“Katterle of Sarnen,” she answered, weeping. “And whom do you serve?” the knight demanded.
“The Ortlieb sisters, Jungfrau Els and Jungfrau Eva,” was the reply.
“The beautiful Es, as they are called here, holy Brother,” said Siebenburg with a malicious laugh, “whose maid I recognise in this girl. If she did not come hither to mend the linen of her mistress’s friend—”
But here Biberli, who on his return to the anteroom had been terrified by the sight of his sweetheart, interrupted the knight by turning to Heinz with the exclamation: “Forgive me, my lord. Surely you know that she is my betrothed bride. She came just now—scarcely a dozen Paternosters ago-to talk with me about the marriage.”
Katterle had listened in surprise to the bold words of her true and steadfast lover, yet she was not ill pleased, for he had never before spoken of their marriage voluntarily. At the same time she felt the obligation of aiding him and nodded assent, while Siebenburg rudely interrupted the servant by calling to the monk: “Lies and deception, pious Brother. Black must be whitened here. She stole, muffled, to her mistress’s gallant, to bring a message from the older beautiful E, with whom this godly knight was surprised last night.”

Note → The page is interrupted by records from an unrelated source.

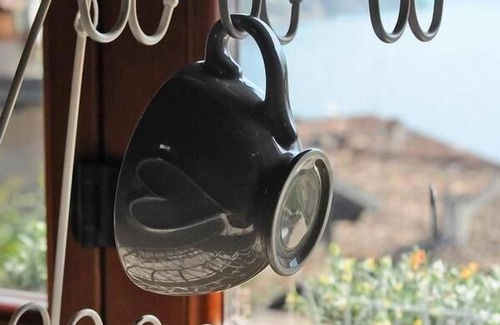 Limone sul Garda House | Holiday house Limone sul Garda for 1 - 3 persons with 2 bedrooms - Holiday home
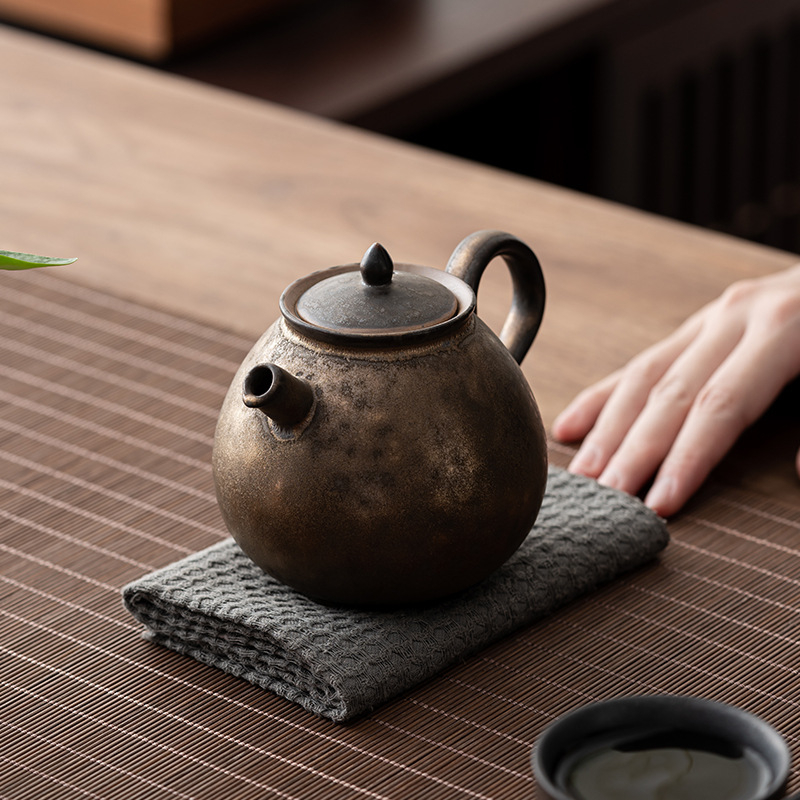 Ceainic ceramic stil japonez, glazură pe bază de fier cu design picurare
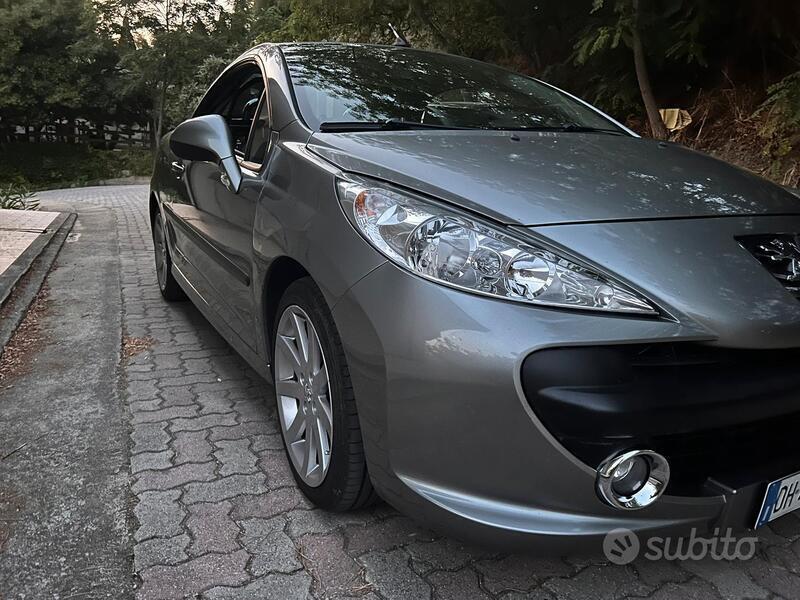 Usato 2007 Peugeot 207 CC 1.6 Benzin 120 CV (5.000 €)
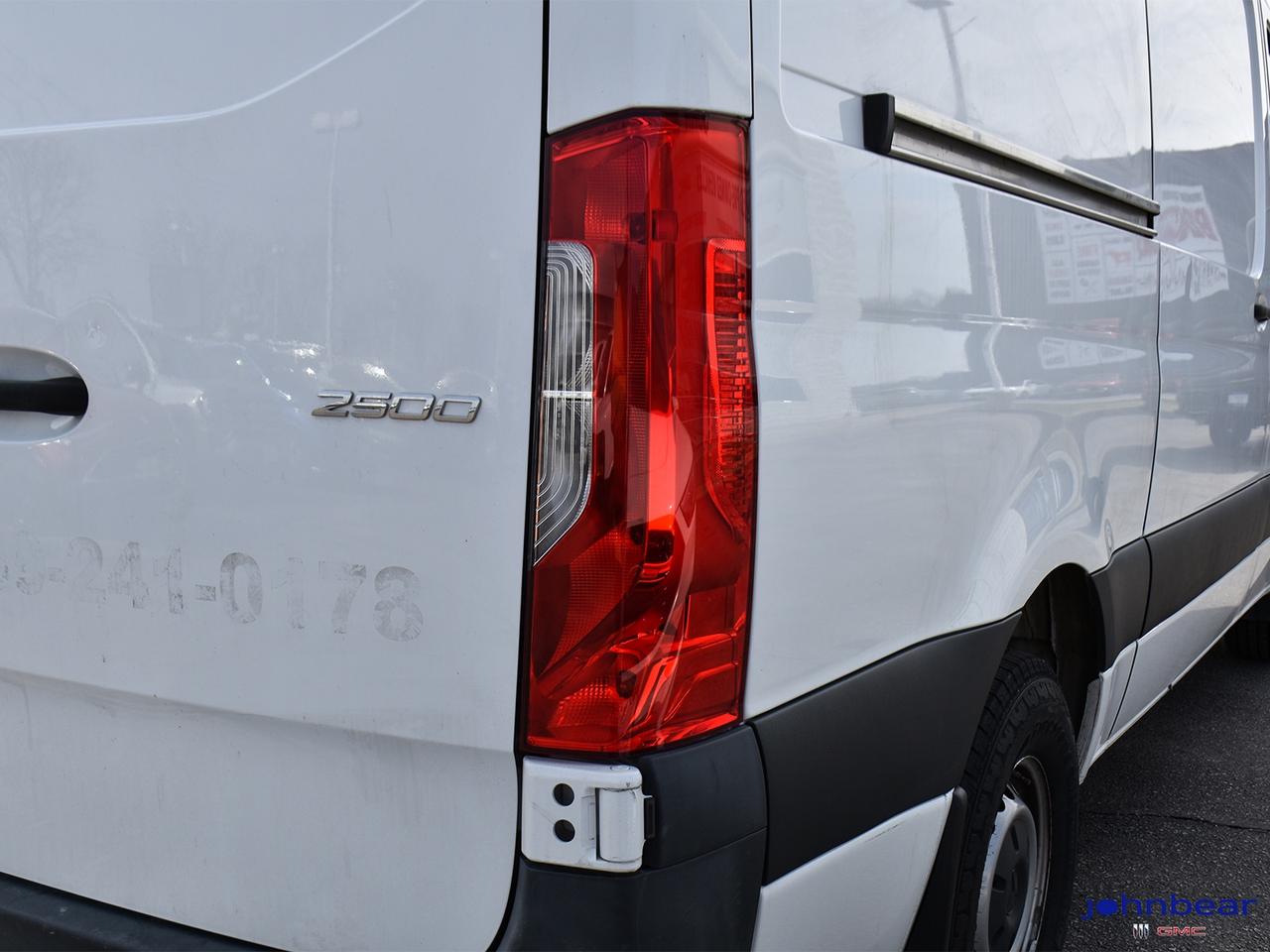 2021 Mercedes-Benz Sprinter Crew Van BASE Photo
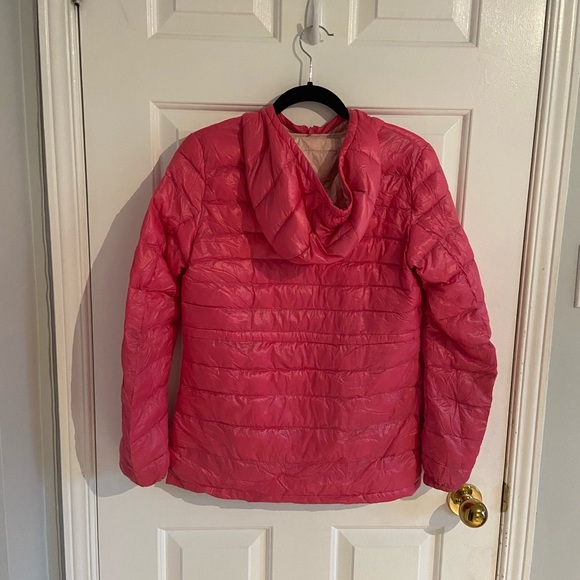 Uniqlo ultra light down puffer jacket with hood - Picture 2 of 6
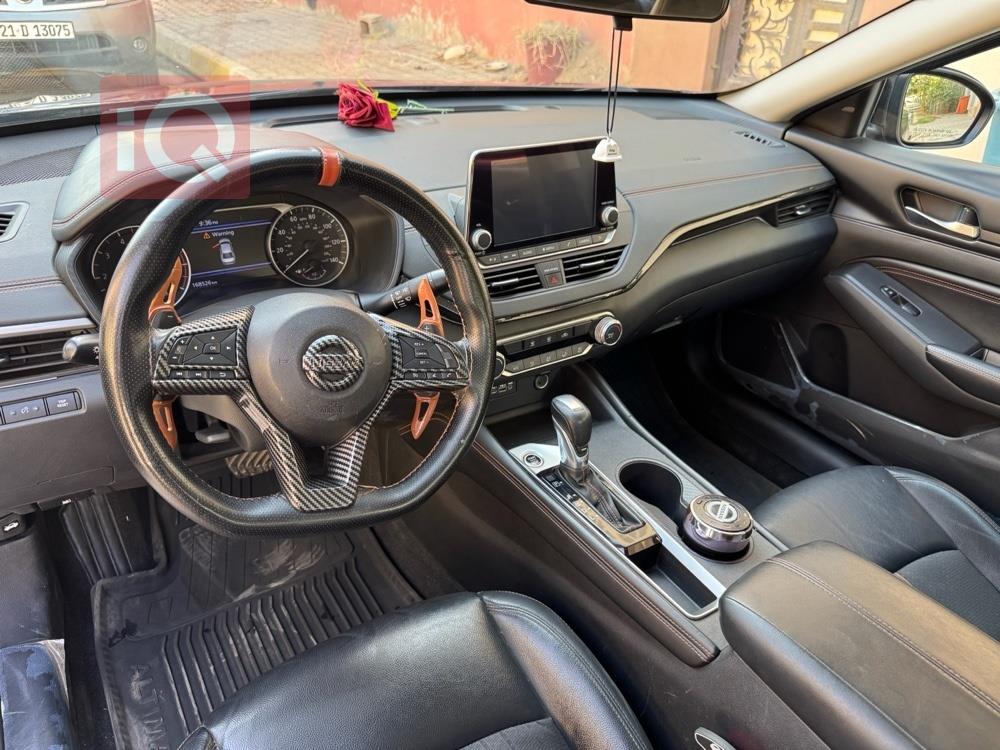 نیسان ئەلتیما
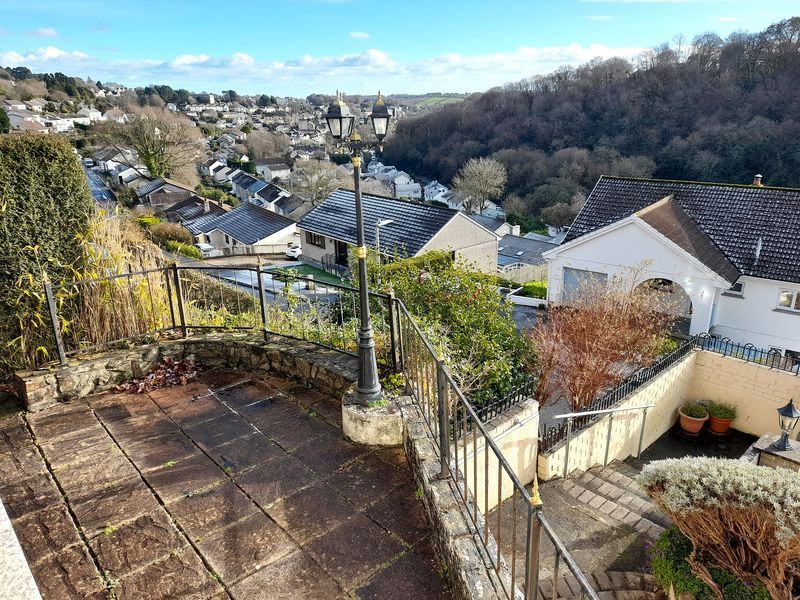 Property photo 2 of 23 Views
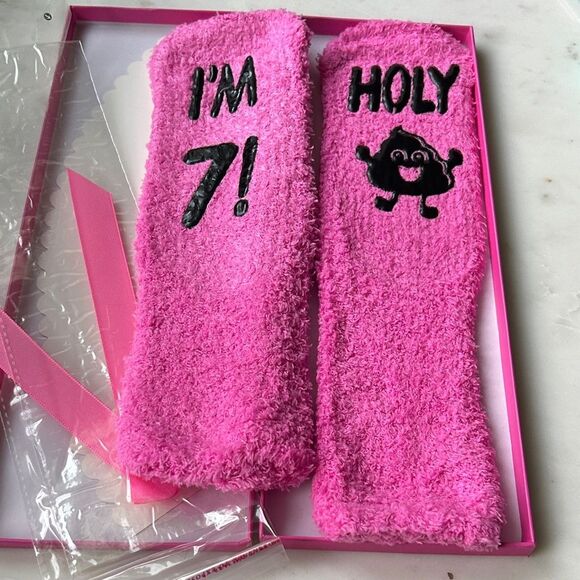 New Happypop Pink Fuzzy ‘I’m 7 socks  with Fun Design - Picture 1 of 4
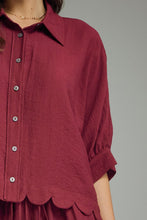 Load image into Gallery viewer, Maroon SS Button Down Scallop Hem Top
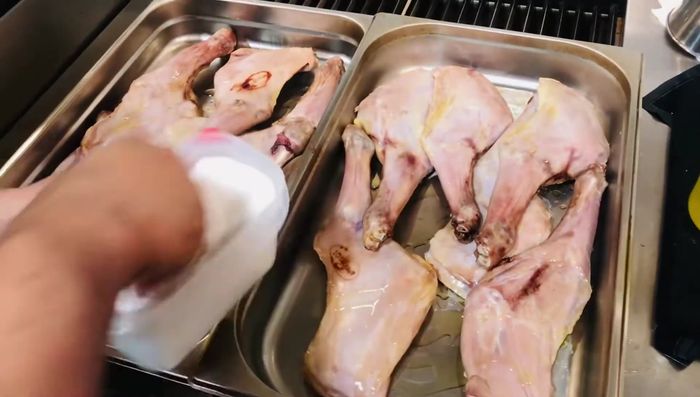 Añadimos un chorrito de aceite de oliva al cabrito.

Again the passionate outbreak of his foe restored the Swiss to composure. With a calmness which seemed to the servant incomprehensible, though it filled him with delight, he turned to the monk, saying earnestly and simply: “Appearances may be against me, Pater Benedictus. I will tell you all the circumstances at once. How this maid came here will be explained later. As for the maiden whom this man calls the older beautiful E, never—I swear it by our saint—have I sought her love or received from her the smallest token of her favour.”
Then turning to Siebenburg he continued, still calmly, but with menacing sternness: “If I judge you aright, you will now go from one to another telling whom you found here, in order to injure the fair fame of the maiden whom your wife’s valiant brother chose for his bride, and to place my name with hers in the pillory.”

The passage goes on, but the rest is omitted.